Again, like Gounod, Thomas turned to Shakespeare after having set Goethe. His ‘Hamlet’ (1868) was successful in Paris for a long time. And, though the music cannot match its subject, it contains some of the composer’s best work. The vocal parts are richly ornamented; the poetically conceived part of Ophelia is a coloratura rôle, such as modern opera, with the possible exception of Delibes’ Lakmé, has not produced, and the ballet music is brilliant. Françoise de Rimini (1882) and the ballet La Tempête were his last and least popular dramatic works.

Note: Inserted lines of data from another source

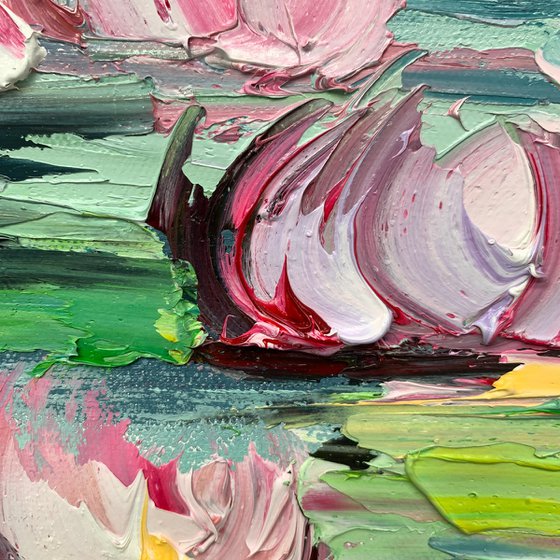 Water lilies No 157
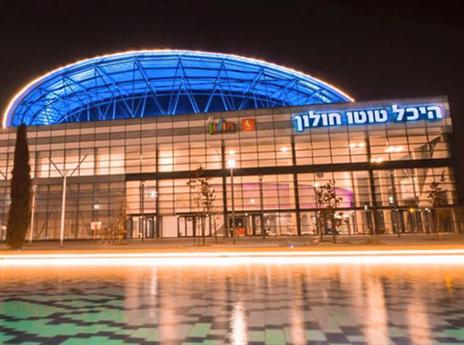 ההיכל החדש. לא מבצר כמו "הפחים"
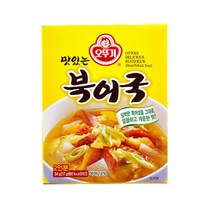 오뚜기 즉석북어국 34g, 단일 수량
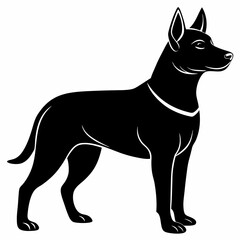 dog, animal, pet,vector svg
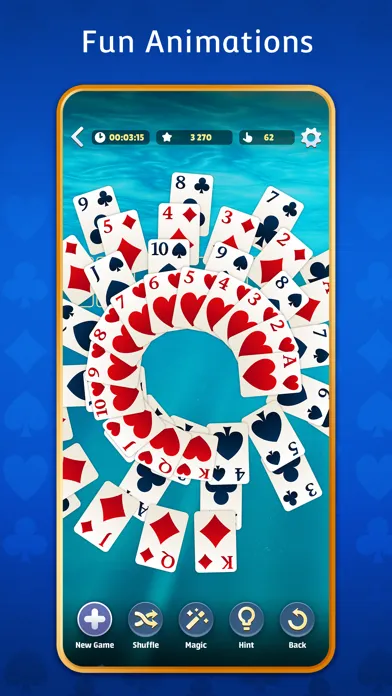 Capturas de pantalla de Solitairescapes Collection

Léo Delibes (1836-1891), a pupil of Adam, is widely known by his charming ballets. The ballet, which had played so important a part in eighteenth century opera, was quite as popular in the nineteenth century. If Vestris, the god of dance, had passed with the passing of the Bourbon monarchy, there were Taglioni (who danced the Tyrolienne in Guillaume Tell and the pas de fascination in Meyerbeer’s Robert le Diable), Fanny Elssler, and Carlotta Grisi, full of grace and gentility, to give lustre to the art of dancing. The ballet as an individual entertainment apart from opera was popular during the greater part of the nineteenth century, and was brought to a high perfection, best typified by the famous Giselle, written for Carlotta Grisi, on subject taken from Heinrich Heine, arranged by Théophile Gautier, and set to music by Adam. To this kind of composition Delibes contributed music of unusual charm and distinction. La Source shows a wealth of ravishing melody and made such an impression that the composer was asked to write a divertissement, the famous Pas des Fleurs to be introduced in the ballet Le Corsaire, by his old master Adam, for its revival in 1867. His ‘Coppelia’ ballet, written to accompany a pretty comedy of the same name, and the grand mythological ballet ‘Sylvia’ are considered his best and established his superiority as a composer of artistic dance music.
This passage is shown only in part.